Zara Dwinger: I wrote the script with Nena [van Driel], and we really wanted to talk about mental health and parenthood. How do you navigate that? At one point, we had these characters the way they are now, but they weren’t going anywhere yet. Then we decided to make everything larger than life – also this relationship.

There is a shift that happens later on in the film – at first, Lu idolises her mother. She is lying to herself to protect that image, and then slowly she understands what is really happening. We put a lot of personal stuff in the film, but we also did our research, talked to child psychologists and found out that when a parent is not there for a long time, it’s easier to stick to that “perfect” version of them. Later, as we grow older, everyone has this moment when we realise that our parents are just people and, yes, they make mistakes.

You stay very loyal to this girl’s point of view: the audience knows as much as she does.
We were wondering about that, too. Should we explain more? But I wanted to retain Lu’s perspective. That’s how you experience life as a child: you don’t get all the answers, just a broad picture. Also, in the end, it really doesn’t matter. Karina wasn’t always there for her child; she is unpredictable, but she loves her, and they will try to make it work. I like the fact that we leave it like this, in the middle.
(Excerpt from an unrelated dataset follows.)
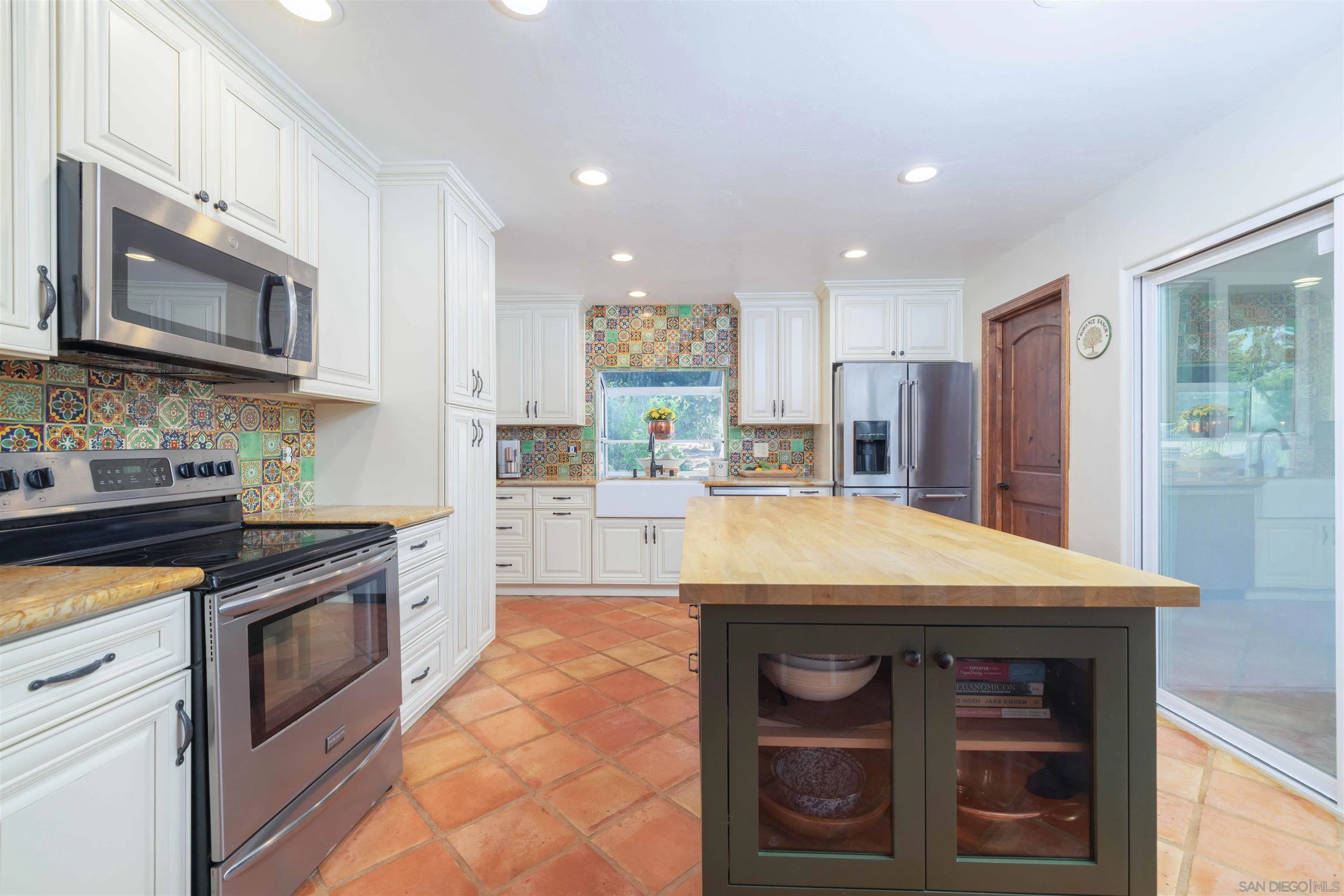https://cdn.realtyfeed.com/cdn/127/260001480/30905cbabf4b8f0dd6640058b8f56f2a.webp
Why did you opt for a retro feel for the whole story? There are references to Bonnie and Clyde, and claims that the only good films are in black and white.
Karina is always trying to escape into fantasy – that’s what she does. She runs away from things, in general, but she clings onto pop culture. This “nostalgic” feeling is not even accurate, as she didn’t grow up in that era! But there is this dream of “the old world”, where everything was much better. Also, it makes her feel as though her life is more cinematic.

She is yearning for something that never existed. For a while, you can believe that she really worked in Hollywood, like Lu does. There is this cool car, but it breaks down all the time and there’s rust everywhere. It’s cool, but something just isn’t working. Also, I wanted this film to be timeless. I wanted a modern fairy tale, not too deeply rooted in reality.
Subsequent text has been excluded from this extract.